Love the picture JD and I thought my mess behind my TV was bad. Speed's only error was not saying they were sorry for the technical difficulties and they were trying to fix and and then one that said they couldn't. Even a thing at the bottom would have worked like they do when the races are rain delayed.

Kenn Fong said...

J. D.

Thanks to you and SPEED for the sitrep. Live shots are filled with problems to prevent or solve. Even the best of them have problems which interrupt or otherwise foul up things.

Last month, NBC lost video and audio at least three times during its coverage of the Russert funeral from Kennedy Center carried on MSNBC. I have to believe that because it was one of the most beloved members of the NBC News family, that preparation for technical devils was a top priority, and they had a skilled anchor in the studio vamping during the outages.

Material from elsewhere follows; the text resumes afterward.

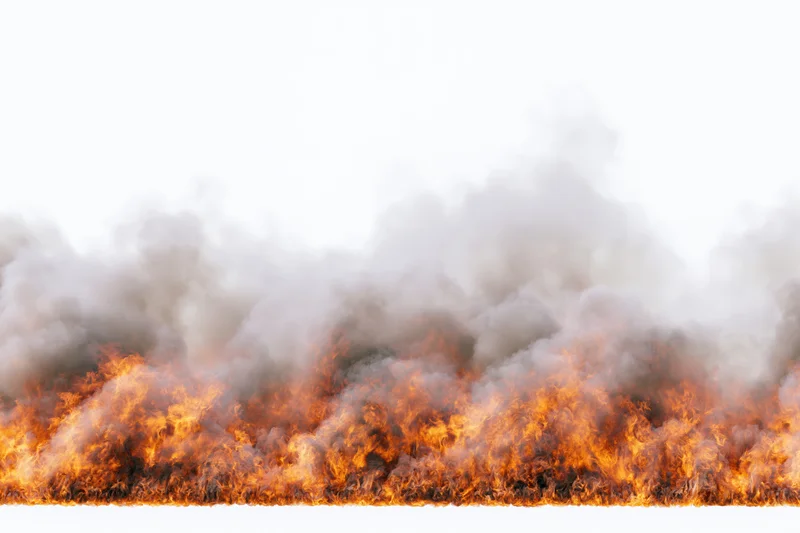 Wide low fire burning horizontally across frame with dense orange flames and rising smoke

I know the folks at Speed were trying their best with the resources they had available.

Kenny
Alameda, California

Anonymous said...

Not only did NASCAR.COM not have any problems, they graciously even posted the presser in its entireity on the front of their site.

Anonymous said...

They also have it here:

http://www.nascar.com/2008/multimedia/races/cup/0020/

Anonymous said...

Not sure where your photo came from, but that is NOT an ESPN truck. That is the access panel to SRT. Shared Resources Truck

Anonymous said...

The above should end in /0020/ but it got truncated.

Anonymous said...

Anonymous,

You asked where the photo came from? JD even said "thanks to ESPN for the photo."

Also, you said that is not an ESPN truck. Nowhere did anybody said it was. JD just said thanks to ESPN for providing it. There is a difference.

Anonymous said...

Jason,
Just stated a fact, that isn't an ESPN truck.

Daly Planet Editor said...

The photo came from the ESPN PR group. It is the shared truck.